The Armenian monastery of Varagavank stands teetering on the brink of collapse in the mountains above Lake Van, in eastern Anatolia. Built a thousand years ago, and once the seat of an archbishop, it was forsaken in 1915. The monastery's buildings have more recently been used as stables, as a Kurdish villager named Mehmet Coban explained. “The manure was piled this high,” he said, marking the spot with his hand. His clan found the church like this when they settled in the former Armenian village in the 1950s, he recalled. Having shoveled out the dung, Coban now shows visitors around the church and dreams of making the village rich by turning it into a tourist destination. When he enlisted authorities to support the project a couple of years ago, it emerged that a prominent Turkish media executive in Istanbul held the deed to the monastery. His grandfather had amassed vast landholdings around Van after World War I.
“The village is mine,” the executive confirmed to the daily Taraf in 2012. Although he agreed to cede the church to Turkish authorities for restoration, his ownership of an Armenian village was not contested. This is not entirely unexpected, considering that Turkish prisons, airports and even the former presidential palace are built on what was once Armenian property and that treasure hunting for the buried belongings of deported Armenians remains something of a national pastime. While Turkey still struggles with recognizing moral responsibility for the fate of the Armenians, material restitution seems even more distant. “The mere term ‘compensation’ instills fear in Turkey,” wrote Cengiz Aktar, a prominent Turkish political scientist, in an op-ed for Repair: Armenian-Turkish Platform. Nevertheless, he said, “We must find ways to talk about it.”

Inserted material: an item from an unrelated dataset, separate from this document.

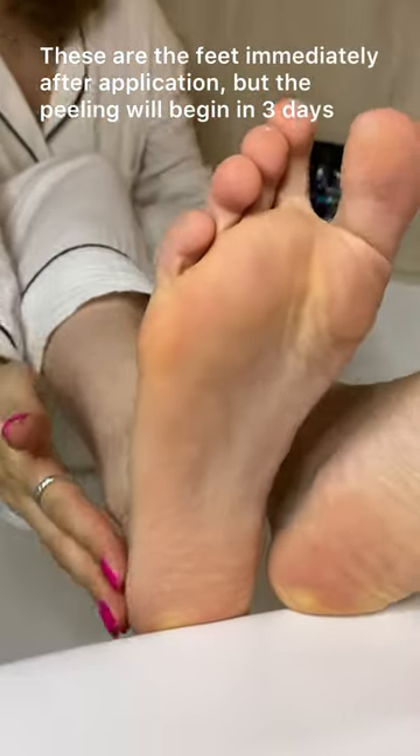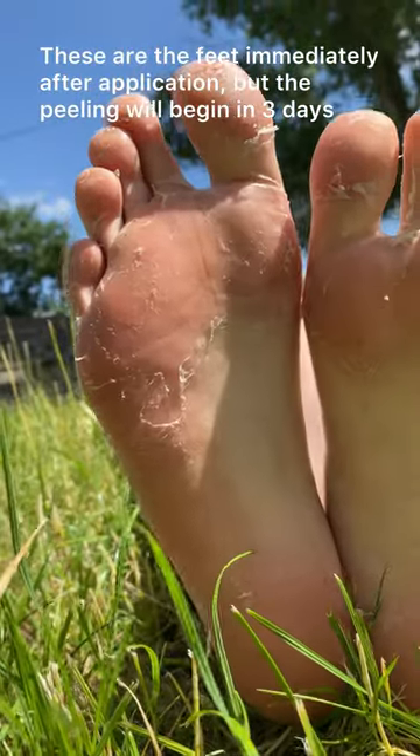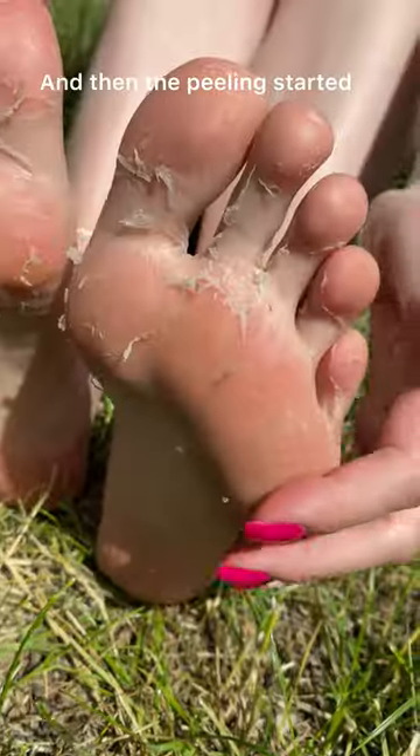These are the feet immediately after application, but the peeling will begin in 3 days. And then the peeling started.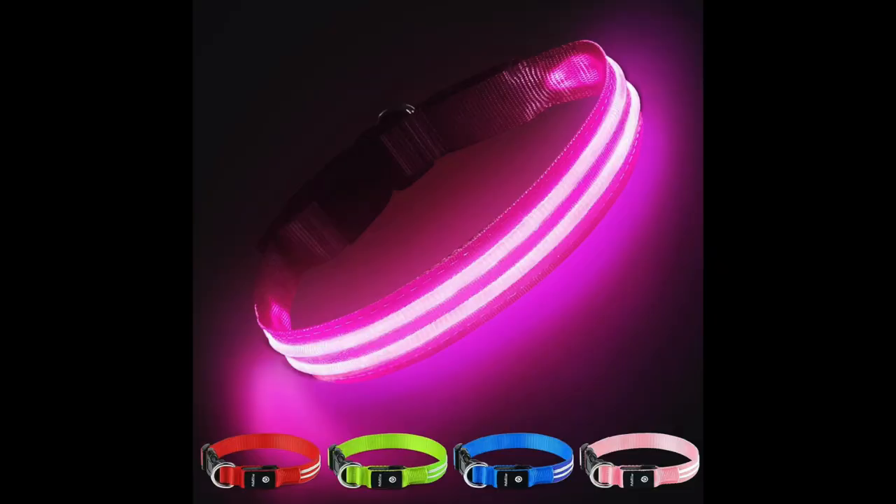With this collar situation, I knew I needed something flashing on them, so I went on Amazon and found LED collars. They come in awesome colors — pink, red, green, blue — and in all different sizes from extra small to extra large.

The expropriation of Armenian properties during and after the deportations that began in 1915 is seen by Turkish scholars researching the period as an integral element of the genocide. Mehmet Polatel, a historian affiliated with Bosphorus University and Koc University, has called the dispossessions a “crucial part” of the cleansing of the Armenians from Anatolia. “Dispossession can be seen as one of the factors that provided genocidal motivation on the part of the genocide’s perpetrators,” Polatel argued in a recent lecture at the American University of Armenia. In an interview with CivilNet TV, Umit Kurt, a political scientist with Clark University and Sabanci University, calls the expropriations a “structural component of the genocide.”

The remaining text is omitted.